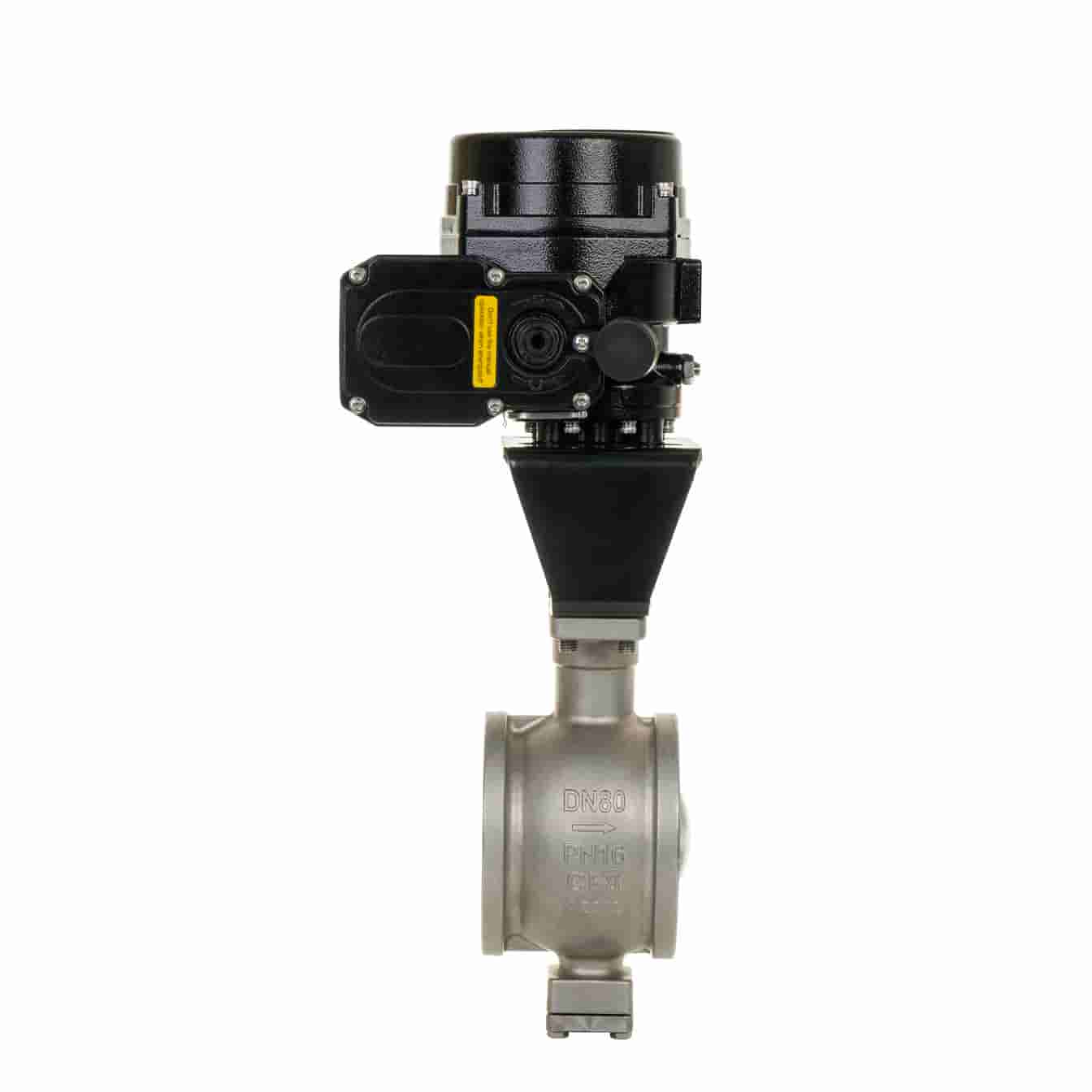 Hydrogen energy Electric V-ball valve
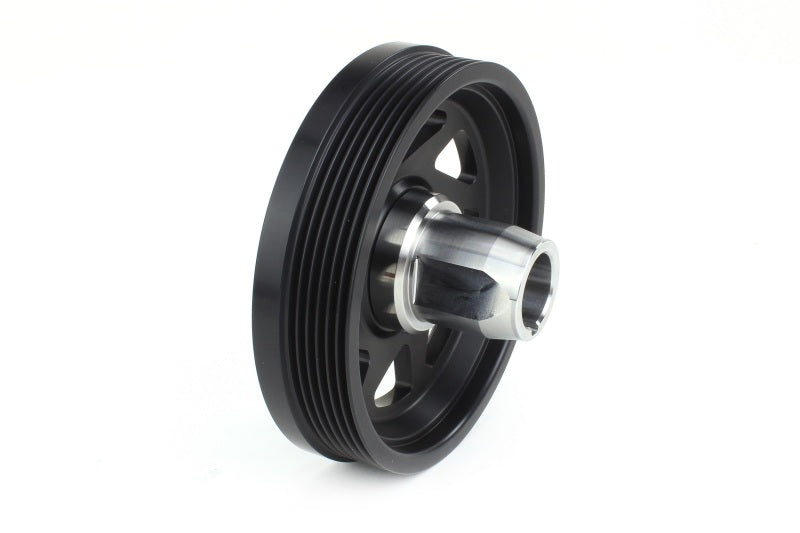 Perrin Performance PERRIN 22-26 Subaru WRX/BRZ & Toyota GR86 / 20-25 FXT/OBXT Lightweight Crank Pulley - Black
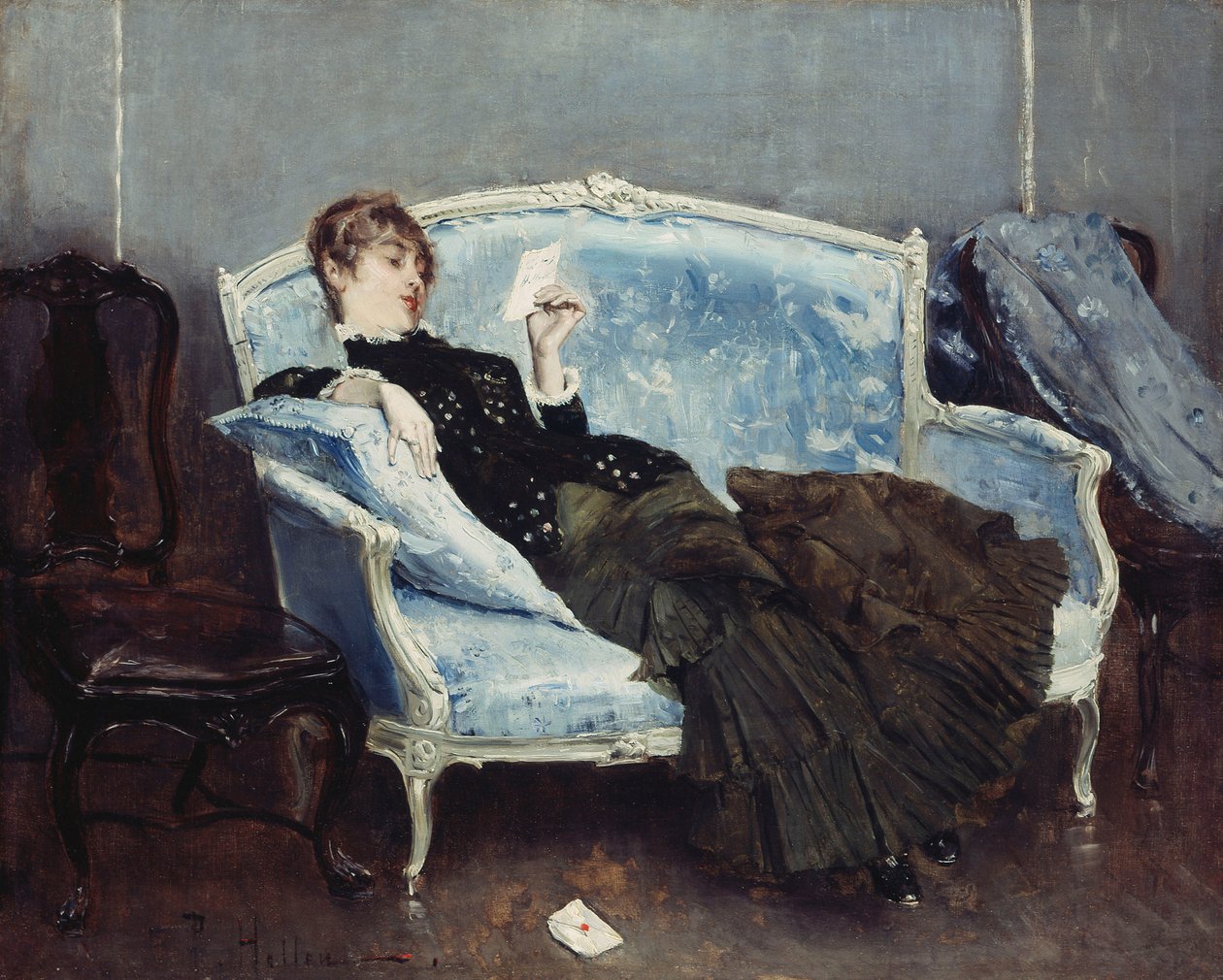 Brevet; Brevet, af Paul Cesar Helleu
+===+
## TASK DESCRIPTION
The whole listing above, minus its pictures, is what you should write out word for word.

## THE COMPLETED TASK
 Hydrogen energy Electric V-ball valve
 Perrin Performance PERRIN 22-26 Subaru WRX/BRZ & Toyota GR86 / 20-25 FXT/OBXT Lightweight Crank Pulley - Black
 Brevet; Brevet, af Paul Cesar Helleu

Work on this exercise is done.